■ **About this task**: Aside from the pictures, the entries should be given again exactly.

Top of Extracted entries

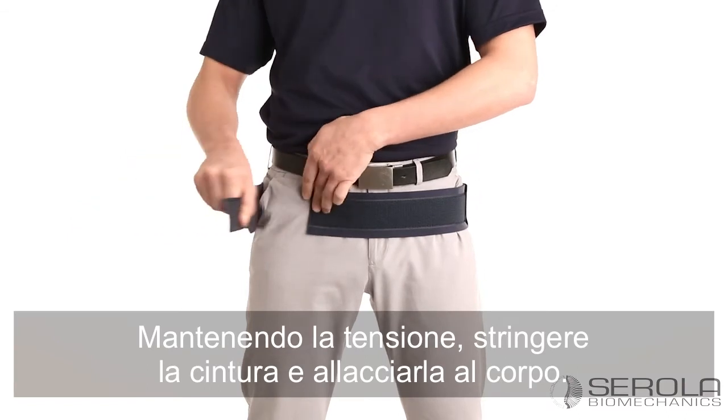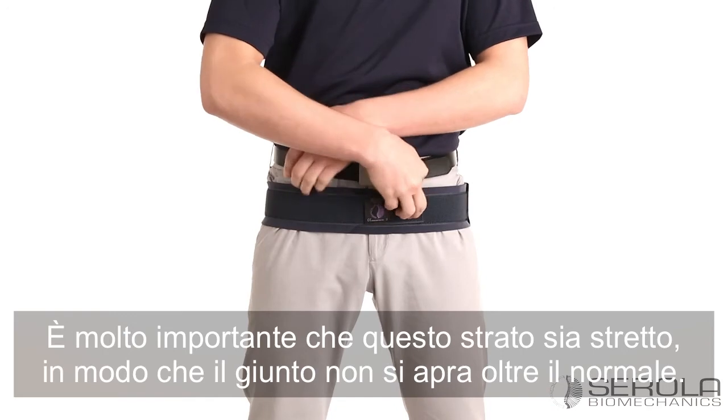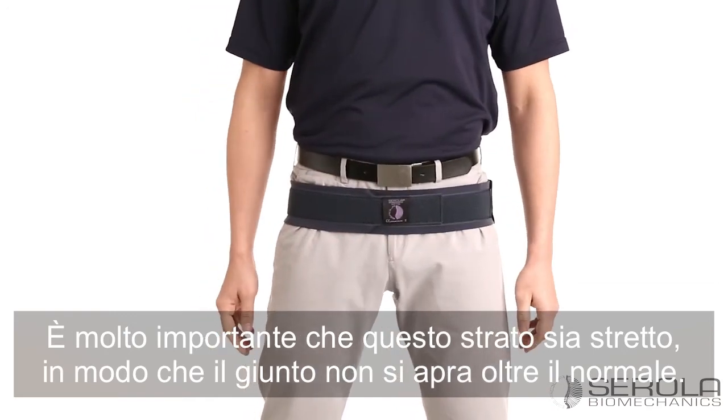While maintaining tension, pull the belt around and fasten. It is very important that this layer is snug so the joint doesn't open up beyond normal.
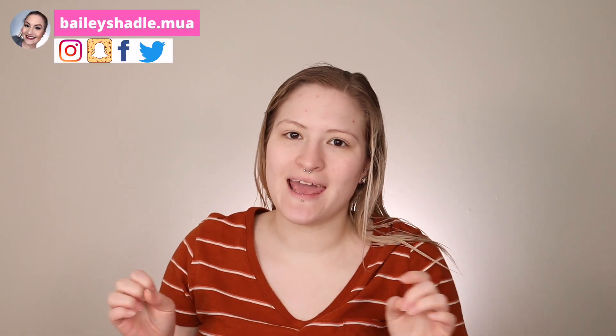Hello you guys and welcome back to my channel. For today's video we are going to be doing a transformation video. I don't believe I've done one of these on my channel, so we're gonna do our hair today, we're gonna do our skincare, we're gonna do our makeup, the whole jazz.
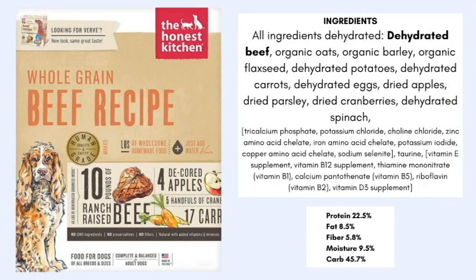Let's take a look at the dehydrated whole grain beef recipe for dogs. This means the beef must make up at least 25% of the overall food. The first five ingredients are: dehydrated beef, organic oats, organic barley, organic flaxseed, and dehydrated potatoes. I'm not a huge fan of potato — white potato itself can be really high in sugar and starch.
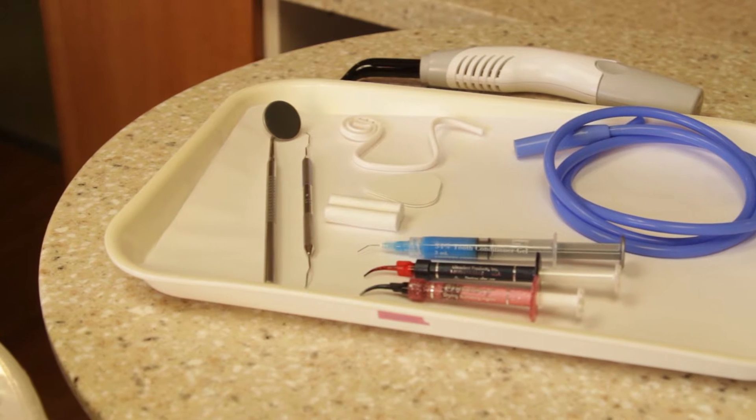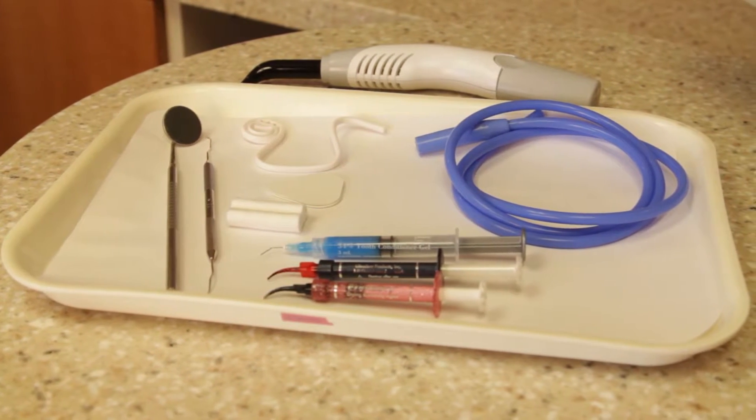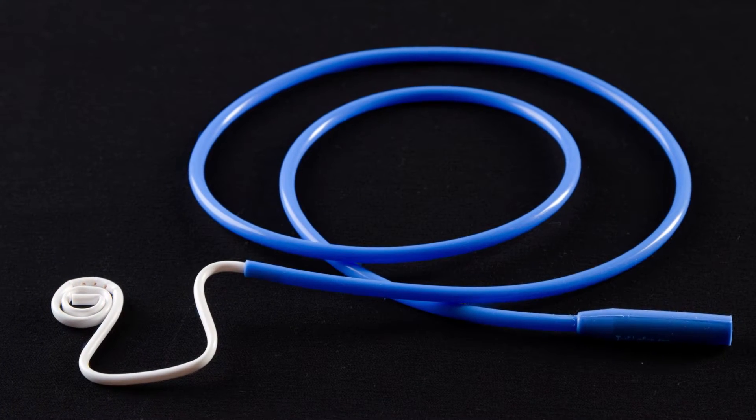Every clinician understands the importance of keeping an area dry in order to create an effective sealant. The BlueBoa adapter delivers superior isolation for procedures such as sealants.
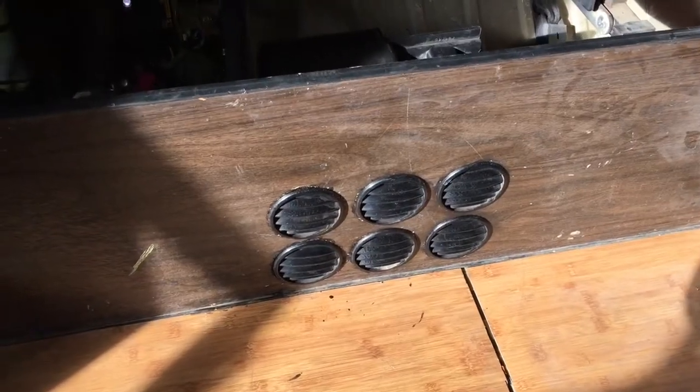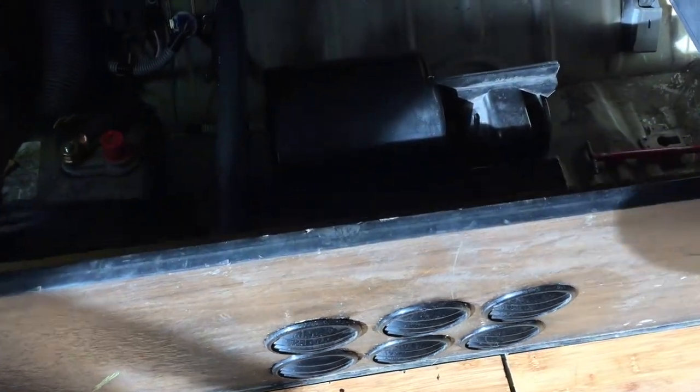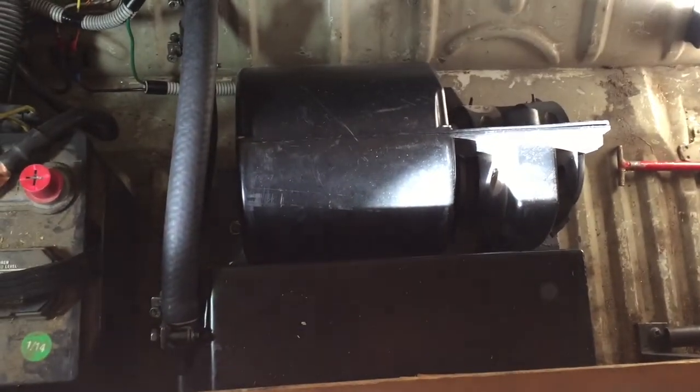Hey guys, I'd like to give you a little tour of the latest project on Army the Bus — a budget heater. Being that Army is a personal vehicle, I like to recycle a lot of things, so I built this heater out of scavenged parts. You can see it's under the rear seat, and it uses a housing with a motor.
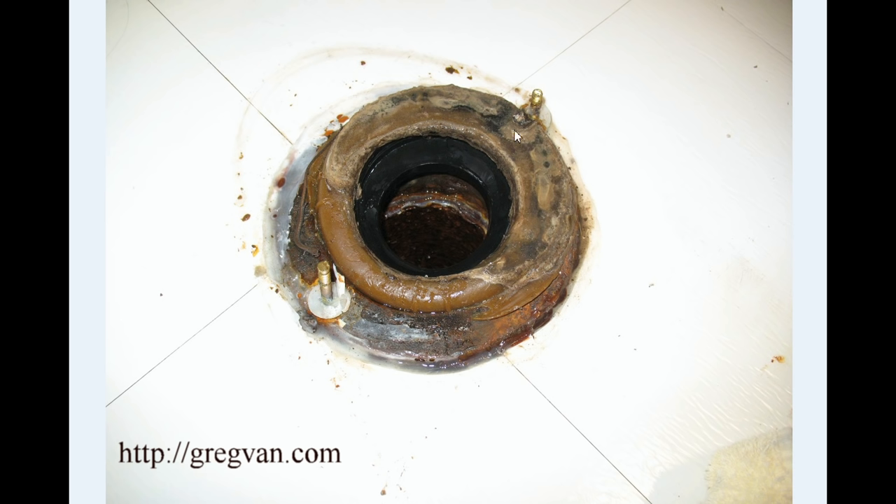If you can imagine the toilet rocking to the left — you're sitting on the toilet and you can actually move it — as it moves from right to left it will be squashing the wax ring on both sides. Moving right puts more pressure on one side, moving left flattens the other area. Eventually you're going to have a gap in these areas, which allows water to seep out from underneath the toilet and onto the floor.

Bottom of Extracted entries

■ **Exercise answer**:
While maintaining tension, pull the belt around and fasten. It is very important that this layer is snug so the joint doesn't open up beyond normal.
Hello you guys and welcome back to my channel. For today's video we are going to be doing a transformation video. I don't believe I've done one of these on my channel, so we're gonna do our hair today, we're gonna do our skincare, we're gonna do our makeup, the whole jazz.
Let's take a look at the dehydrated whole grain beef recipe for dogs. This means the beef must make up at least 25% of the overall food. The first five ingredients are: dehydrated beef, organic oats, organic barley, organic flaxseed, and dehydrated potatoes. I'm not a huge fan of potato — white potato itself can be really high in sugar and starch.
Every clinician understands the importance of keeping an area dry in order to create an effective sealant. The BlueBoa adapter delivers superior isolation for procedures such as sealants.
Hey guys, I'd like to give you a little tour of the latest project on Army the Bus — a budget heater. Being that Army is a personal vehicle, I like to recycle a lot of things, so I built this heater out of scavenged parts. You can see it's under the rear seat, and it uses a housing with a motor.
If you can imagine the toilet rocking to the left — you're sitting on the toilet and you can actually move it — as it moves from right to left it will be squashing the wax ring on both sides. Moving right puts more pressure on one side, moving left flattens the other area. Eventually you're going to have a gap in these areas, which allows water to seep out from underneath the toilet and onto the floor.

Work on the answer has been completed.